Que cada uno ordeñara en la ermita para desayunar sería poco eficiente. Y para aprovechar el fruto del pensamiento y del esfuerzo ajenos se me ocurre que hay sólo tres caminos: la violencia (no me convence), la solidaridad (maravillosa virtud, pero presumirla en todos y siempre es medio bobo) o los intercambios voluntarios. Parece que no hay más remedio que permitir que unos cultiven naranjas y que otros hagan masajes para que no volvamos a morir en promedio a los treinta y siete años, desdentados, analfabetos y sin conocer más que la aldea de al lado. Entonces yo trato de decirles a mis amigos bienintencionados que, desgraciadamente, la leche y la rueda del carro (y, para el que la valore, también la cirugía con anestesia) sólo vendrán si mucha gente vuelve lo antes posible a gastar en cosas tan “superfluas” como pinturas al óleo, Fernet Branca, cruceros por el Caribe, implantes mamarios, partidos de fútbol del Barcelona, galletitas Oreo, tinturas capilares, menús de McDonald’s, autos Minicooper, bizcochitos de grasa, vestidos de novia, peluches, imanes para la heladera, ramos de flores, dulce de membrillo, juguetes para hacer burbujas con jabón, videojuegos, honorarios de contables y hasta embrutecedores y aborrecibles (para mi gusto) programas de Marcelo Tinelli.
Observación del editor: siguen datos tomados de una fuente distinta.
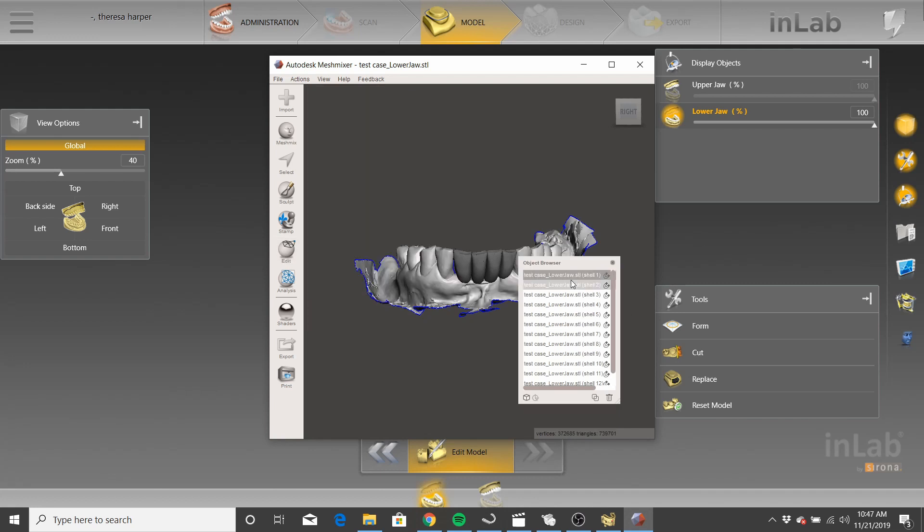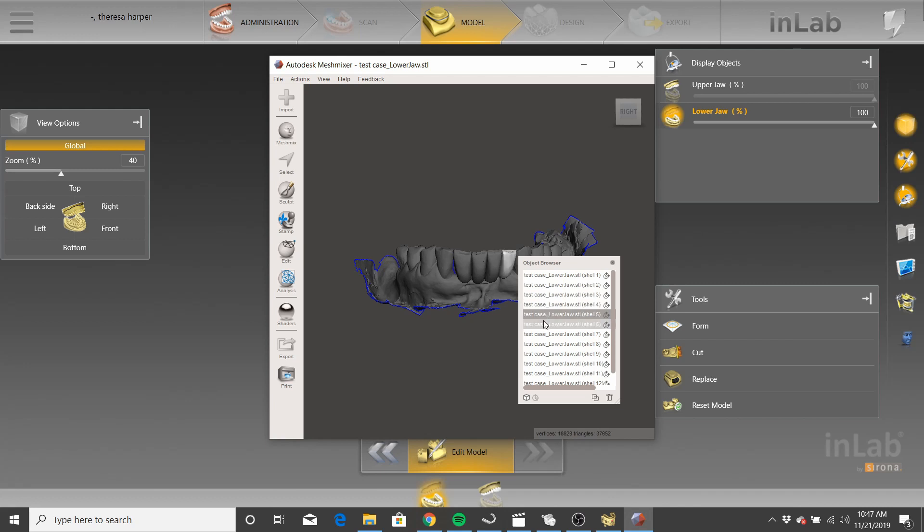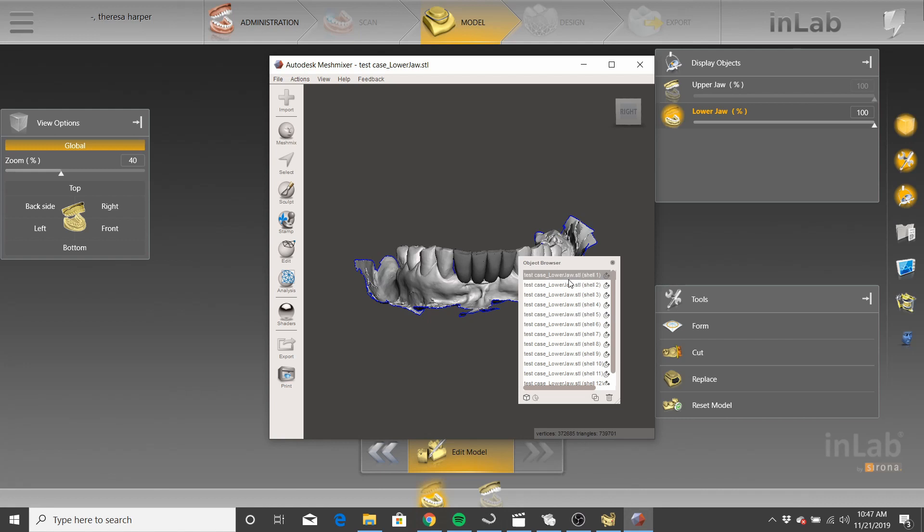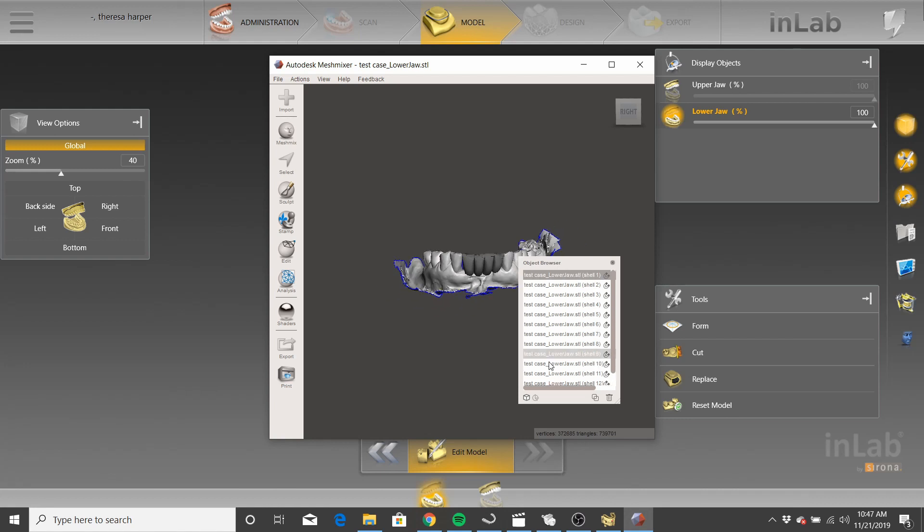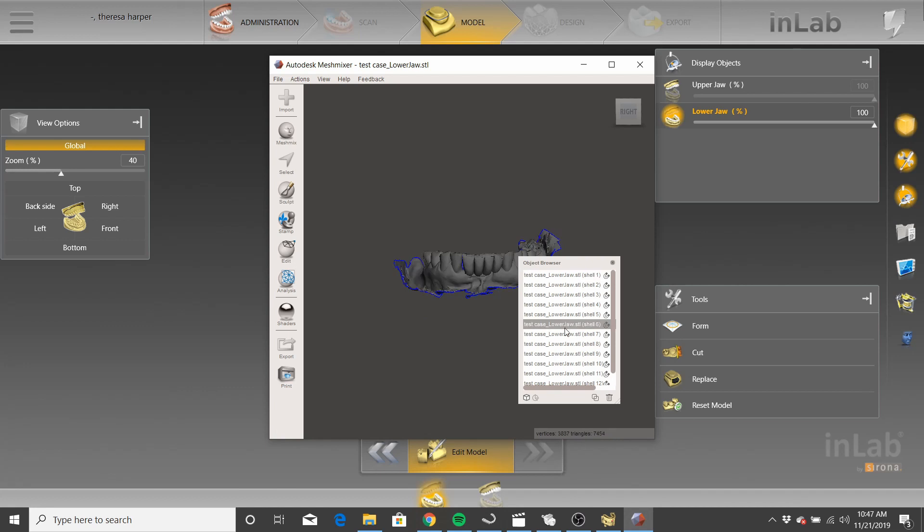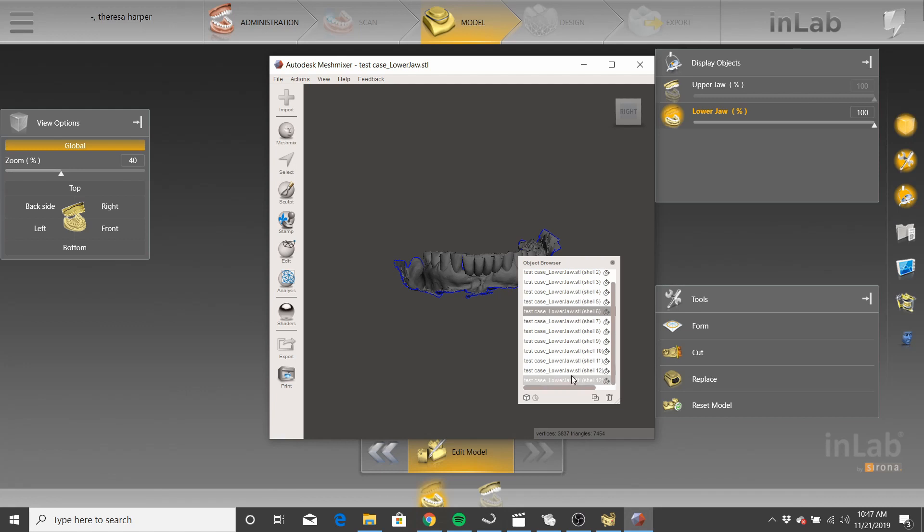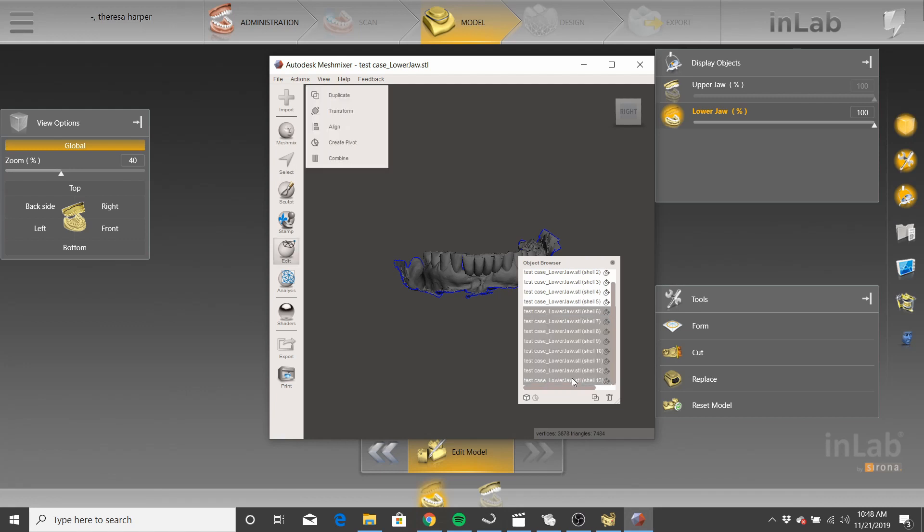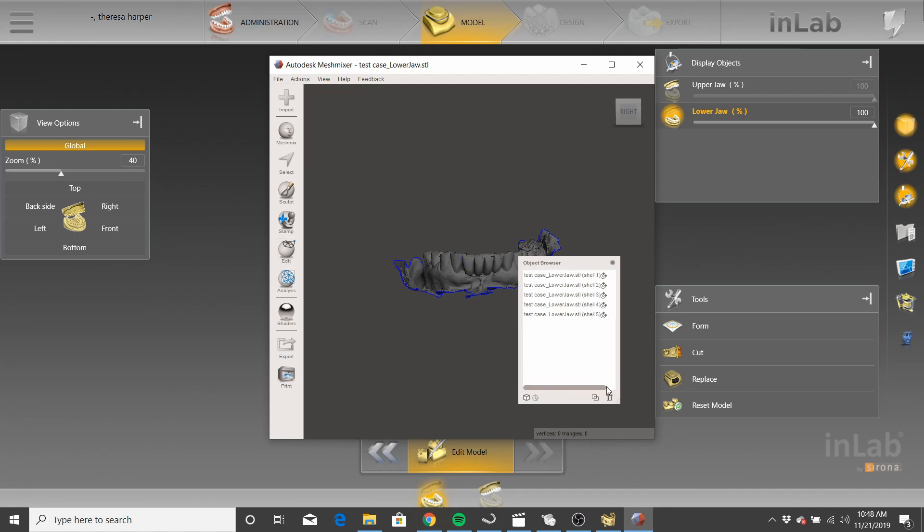You can see all these shells. Shell one is the upper jaw. Shell two is pontic, pontic, pontic, pontic. So these are all individual shells or individual STL files, if you will. Now, when you virtually seat crowns, you just have one shell. So to make these one shell, let's first disregard what we're not going to use. So we'll just disregard six through thirteen, because sometimes you get these extra shells. We're going to delete those.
Si todos nos dedicáramos a meditar en una caverna nos terminaríamos masacrando unos a otros, como imagino que harían los cavernícolas antes de dedicarse a comerciar.
Como de costumbre, tendremos que mantenernos alertas para detectar al imbécil que piense que debe entregar la vida o los afectos, o traicionar su código moral, por cualquiera de las cosas que ve en un mercado, y cuidarnos mucho de él. La mayor de las imbecilidades acaso sea la pretensión de vivir en un mundo sin imbéciles. No se los puede eliminar en una noche como a los pobres cátaros. Que no eran para nada malos tipos.

Comentarios

  1. Una observación más que atinada para estos días en los que el miedo se llevó puestas las "convicciones" de las que muchos alardeaban.